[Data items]
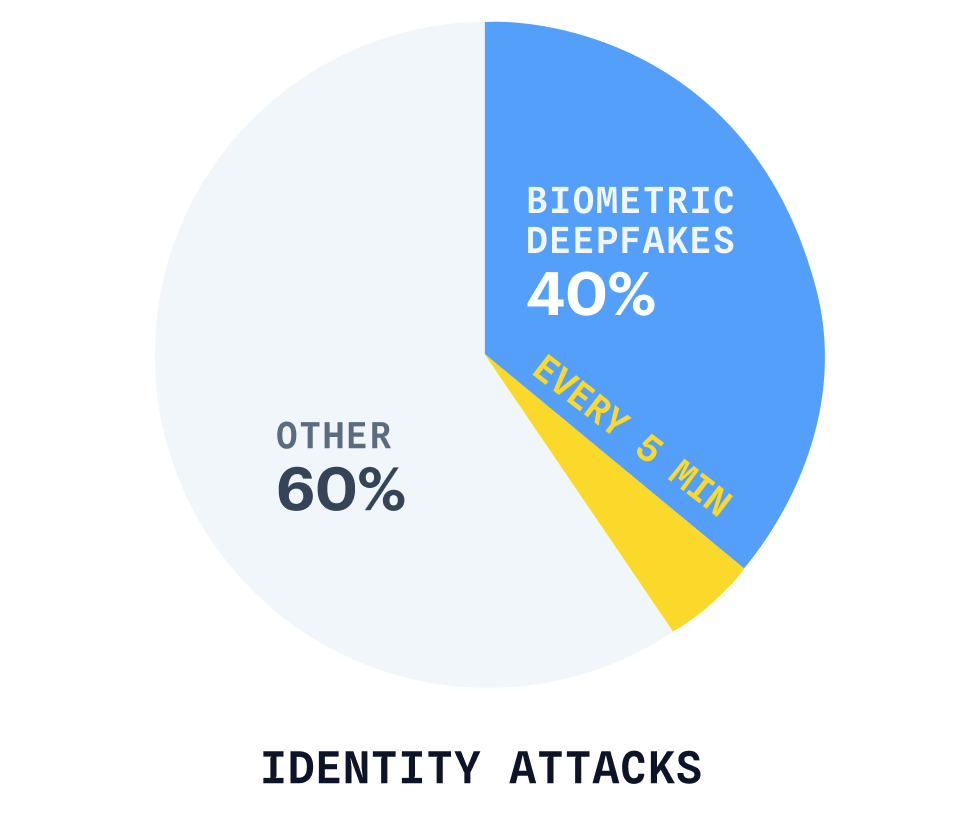 identity-attacks-graph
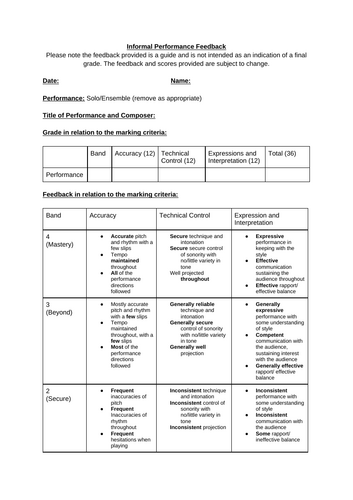 EDUQAS NEA Feedback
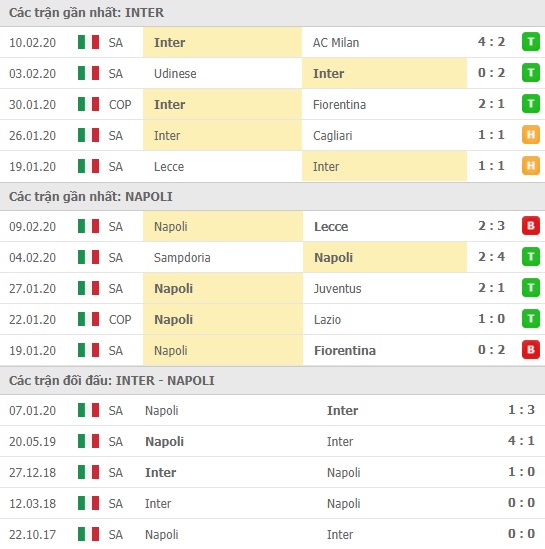 Thành tích và kết quả đối đầu Inter Milan vs Napoli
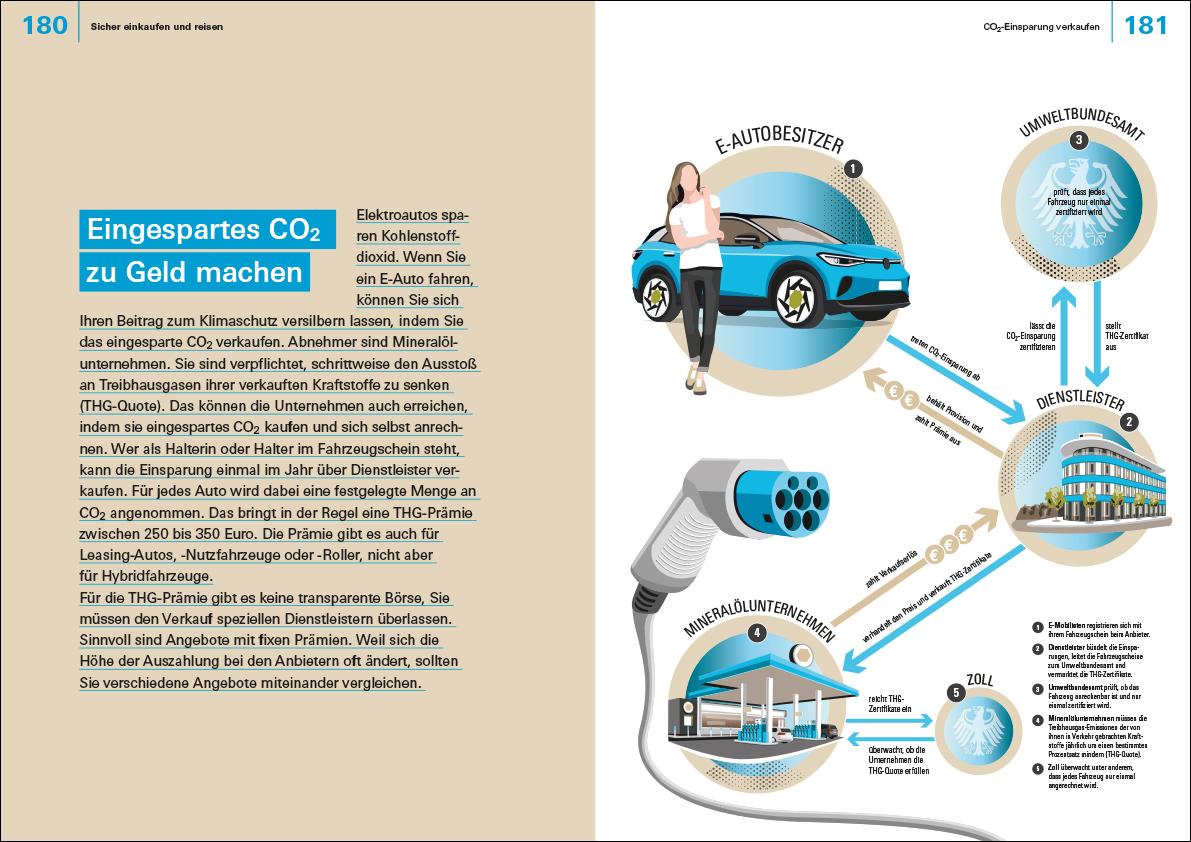 Beispielinhalt (Bild) Finanzen verstehen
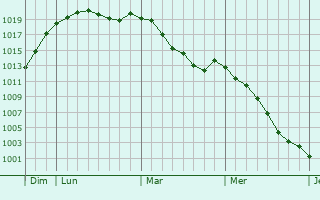 Graphe de la pression atmosphrique prvue pour Comblain-au-Pont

▶ **What you need to do**:
Your copy of the records above should be exact and contain no pictures.

▶ **Written reply**:
 identity-attacks-graph
 EDUQAS NEA Feedback
 Thành tích và kết quả đối đầu Inter Milan vs Napoli
 Beispielinhalt (Bild) Finanzen verstehen
 Graphe de la pression atmosphrique prvue pour Comblain-au-Pont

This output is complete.